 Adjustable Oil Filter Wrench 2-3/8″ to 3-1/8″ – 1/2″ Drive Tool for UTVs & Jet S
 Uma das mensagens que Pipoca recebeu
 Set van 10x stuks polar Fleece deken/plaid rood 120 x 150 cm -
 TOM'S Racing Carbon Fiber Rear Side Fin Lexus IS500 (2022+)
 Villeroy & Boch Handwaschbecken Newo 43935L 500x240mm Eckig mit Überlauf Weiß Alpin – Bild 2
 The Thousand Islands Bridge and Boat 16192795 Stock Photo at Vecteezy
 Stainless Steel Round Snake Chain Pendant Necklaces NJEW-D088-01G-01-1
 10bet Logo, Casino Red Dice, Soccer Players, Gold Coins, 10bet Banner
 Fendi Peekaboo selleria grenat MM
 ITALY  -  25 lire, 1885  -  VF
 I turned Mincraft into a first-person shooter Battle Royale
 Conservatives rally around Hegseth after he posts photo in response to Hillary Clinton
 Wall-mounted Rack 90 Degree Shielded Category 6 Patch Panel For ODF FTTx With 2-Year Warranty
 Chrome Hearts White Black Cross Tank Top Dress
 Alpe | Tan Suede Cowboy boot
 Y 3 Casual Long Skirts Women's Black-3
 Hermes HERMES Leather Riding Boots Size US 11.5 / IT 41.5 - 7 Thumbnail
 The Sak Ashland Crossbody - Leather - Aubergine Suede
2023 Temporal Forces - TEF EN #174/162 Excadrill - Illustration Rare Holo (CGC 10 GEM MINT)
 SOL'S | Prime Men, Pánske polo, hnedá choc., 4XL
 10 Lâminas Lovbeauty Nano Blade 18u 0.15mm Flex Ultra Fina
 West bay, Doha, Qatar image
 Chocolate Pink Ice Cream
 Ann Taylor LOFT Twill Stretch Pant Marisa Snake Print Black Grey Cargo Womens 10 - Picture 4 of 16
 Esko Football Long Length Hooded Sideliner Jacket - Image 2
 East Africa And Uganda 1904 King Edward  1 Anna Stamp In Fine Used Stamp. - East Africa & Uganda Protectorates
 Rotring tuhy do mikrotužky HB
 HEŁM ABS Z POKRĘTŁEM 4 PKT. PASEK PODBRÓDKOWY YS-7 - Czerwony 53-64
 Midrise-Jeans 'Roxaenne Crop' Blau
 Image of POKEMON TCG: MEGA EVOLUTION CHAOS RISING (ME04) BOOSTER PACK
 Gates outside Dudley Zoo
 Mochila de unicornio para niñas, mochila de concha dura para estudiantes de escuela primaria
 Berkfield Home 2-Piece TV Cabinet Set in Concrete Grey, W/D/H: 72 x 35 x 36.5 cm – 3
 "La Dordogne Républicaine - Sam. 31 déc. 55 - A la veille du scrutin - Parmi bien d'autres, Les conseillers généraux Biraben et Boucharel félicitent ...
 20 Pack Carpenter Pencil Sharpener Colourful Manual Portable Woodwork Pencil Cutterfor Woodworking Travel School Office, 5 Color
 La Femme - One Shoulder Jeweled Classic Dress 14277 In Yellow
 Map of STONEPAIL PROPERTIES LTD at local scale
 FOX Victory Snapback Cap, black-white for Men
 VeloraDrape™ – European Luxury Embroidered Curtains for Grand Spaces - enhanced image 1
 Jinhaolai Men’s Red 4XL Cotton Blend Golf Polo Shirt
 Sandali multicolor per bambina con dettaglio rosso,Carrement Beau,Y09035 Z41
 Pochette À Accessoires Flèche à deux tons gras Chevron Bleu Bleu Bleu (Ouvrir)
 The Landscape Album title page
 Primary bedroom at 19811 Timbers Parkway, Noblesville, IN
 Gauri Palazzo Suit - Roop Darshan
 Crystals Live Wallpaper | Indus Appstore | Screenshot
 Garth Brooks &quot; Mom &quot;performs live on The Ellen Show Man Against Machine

• _Task instructions_: Look for the line that contains "2023 Temporal Forces" in the listing above. Set down that line and each line after it, ending with the last one.

• _Answer to this task_:
2023 Temporal Forces - TEF EN #174/162 Excadrill - Illustration Rare Holo (CGC 10 GEM MINT)
 SOL'S | Prime Men, Pánske polo, hnedá choc., 4XL
 10 Lâminas Lovbeauty Nano Blade 18u 0.15mm Flex Ultra Fina
 West bay, Doha, Qatar image
 Chocolate Pink Ice Cream
 Ann Taylor LOFT Twill Stretch Pant Marisa Snake Print Black Grey Cargo Womens 10 - Picture 4 of 16
 Esko Football Long Length Hooded Sideliner Jacket - Image 2
 East Africa And Uganda 1904 King Edward  1 Anna Stamp In Fine Used Stamp. - East Africa & Uganda Protectorates
 Rotring tuhy do mikrotužky HB
 HEŁM ABS Z POKRĘTŁEM 4 PKT. PASEK PODBRÓDKOWY YS-7 - Czerwony 53-64
 Midrise-Jeans 'Roxaenne Crop' Blau
 Image of POKEMON TCG: MEGA EVOLUTION CHAOS RISING (ME04) BOOSTER PACK
 Gates outside Dudley Zoo
 Mochila de unicornio para niñas, mochila de concha dura para estudiantes de escuela primaria
 Berkfield Home 2-Piece TV Cabinet Set in Concrete Grey, W/D/H: 72 x 35 x 36.5 cm – 3
 "La Dordogne Républicaine - Sam. 31 déc. 55 - A la veille du scrutin - Parmi bien d'autres, Les conseillers généraux Biraben et Boucharel félicitent ...
 20 Pack Carpenter Pencil Sharpener Colourful Manual Portable Woodwork Pencil Cutterfor Woodworking Travel School Office, 5 Color
 La Femme - One Shoulder Jeweled Classic Dress 14277 In Yellow
 Map of STONEPAIL PROPERTIES LTD at local scale
 FOX Victory Snapback Cap, black-white for Men
 VeloraDrape™ – European Luxury Embroidered Curtains for Grand Spaces - enhanced image 1
 Jinhaolai Men’s Red 4XL Cotton Blend Golf Polo Shirt
 Sandali multicolor per bambina con dettaglio rosso,Carrement Beau,Y09035 Z41
 Pochette À Accessoires Flèche à deux tons gras Chevron Bleu Bleu Bleu (Ouvrir)
 The Landscape Album title page
 Primary bedroom at 19811 Timbers Parkway, Noblesville, IN
 Gauri Palazzo Suit - Roop Darshan
 Crystals Live Wallpaper | Indus Appstore | Screenshot
 Garth Brooks &quot; Mom &quot;performs live on The Ellen Show Man Against Machine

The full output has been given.